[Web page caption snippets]
----
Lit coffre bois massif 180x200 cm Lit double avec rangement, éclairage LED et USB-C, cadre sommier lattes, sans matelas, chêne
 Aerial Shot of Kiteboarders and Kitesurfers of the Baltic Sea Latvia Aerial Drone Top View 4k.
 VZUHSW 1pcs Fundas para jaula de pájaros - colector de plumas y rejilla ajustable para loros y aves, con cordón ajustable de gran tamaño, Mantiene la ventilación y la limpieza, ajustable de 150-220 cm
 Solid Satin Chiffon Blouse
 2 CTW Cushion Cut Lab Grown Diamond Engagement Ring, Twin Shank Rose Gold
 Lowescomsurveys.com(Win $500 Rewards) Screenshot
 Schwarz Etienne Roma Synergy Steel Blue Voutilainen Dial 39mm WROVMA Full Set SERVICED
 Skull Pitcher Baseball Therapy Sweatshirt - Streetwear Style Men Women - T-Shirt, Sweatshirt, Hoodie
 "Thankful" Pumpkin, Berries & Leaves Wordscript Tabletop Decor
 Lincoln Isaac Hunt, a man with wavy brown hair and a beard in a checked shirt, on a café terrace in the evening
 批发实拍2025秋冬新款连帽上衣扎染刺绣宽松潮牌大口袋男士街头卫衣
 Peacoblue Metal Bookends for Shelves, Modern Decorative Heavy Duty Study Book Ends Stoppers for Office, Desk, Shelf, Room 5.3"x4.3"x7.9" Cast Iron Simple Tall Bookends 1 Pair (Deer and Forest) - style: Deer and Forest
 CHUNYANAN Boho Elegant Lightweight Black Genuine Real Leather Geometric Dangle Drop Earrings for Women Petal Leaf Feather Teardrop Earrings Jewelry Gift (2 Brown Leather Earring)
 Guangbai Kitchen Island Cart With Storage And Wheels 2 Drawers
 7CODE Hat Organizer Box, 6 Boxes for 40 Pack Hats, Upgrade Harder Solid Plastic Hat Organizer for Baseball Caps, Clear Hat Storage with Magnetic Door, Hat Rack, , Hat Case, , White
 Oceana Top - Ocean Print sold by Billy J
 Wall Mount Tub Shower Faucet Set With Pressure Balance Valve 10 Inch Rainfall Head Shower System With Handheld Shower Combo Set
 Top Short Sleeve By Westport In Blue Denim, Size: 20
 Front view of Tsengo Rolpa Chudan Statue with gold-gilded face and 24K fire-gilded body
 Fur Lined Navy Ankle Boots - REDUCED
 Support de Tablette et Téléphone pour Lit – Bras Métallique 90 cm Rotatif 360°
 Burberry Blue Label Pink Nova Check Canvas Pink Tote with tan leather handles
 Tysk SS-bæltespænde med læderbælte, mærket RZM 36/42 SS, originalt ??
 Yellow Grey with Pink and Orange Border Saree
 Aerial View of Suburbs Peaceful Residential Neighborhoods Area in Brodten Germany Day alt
----
● **Exercise details**: From the records above, transcribe exactly the run of lines that opens with the line holding "Fur Lined Navy Ankle Boots - REDUCED" and closes with the line holding "Yellow Grey with", both included.

● **Your solution**:
 Fur Lined Navy Ankle Boots - REDUCED
 Support de Tablette et Téléphone pour Lit – Bras Métallique 90 cm Rotatif 360°
 Burberry Blue Label Pink Nova Check Canvas Pink Tote with tan leather handles
 Tysk SS-bæltespænde med læderbælte, mærket RZM 36/42 SS, originalt ??
 Yellow Grey with Pink and Orange Border Saree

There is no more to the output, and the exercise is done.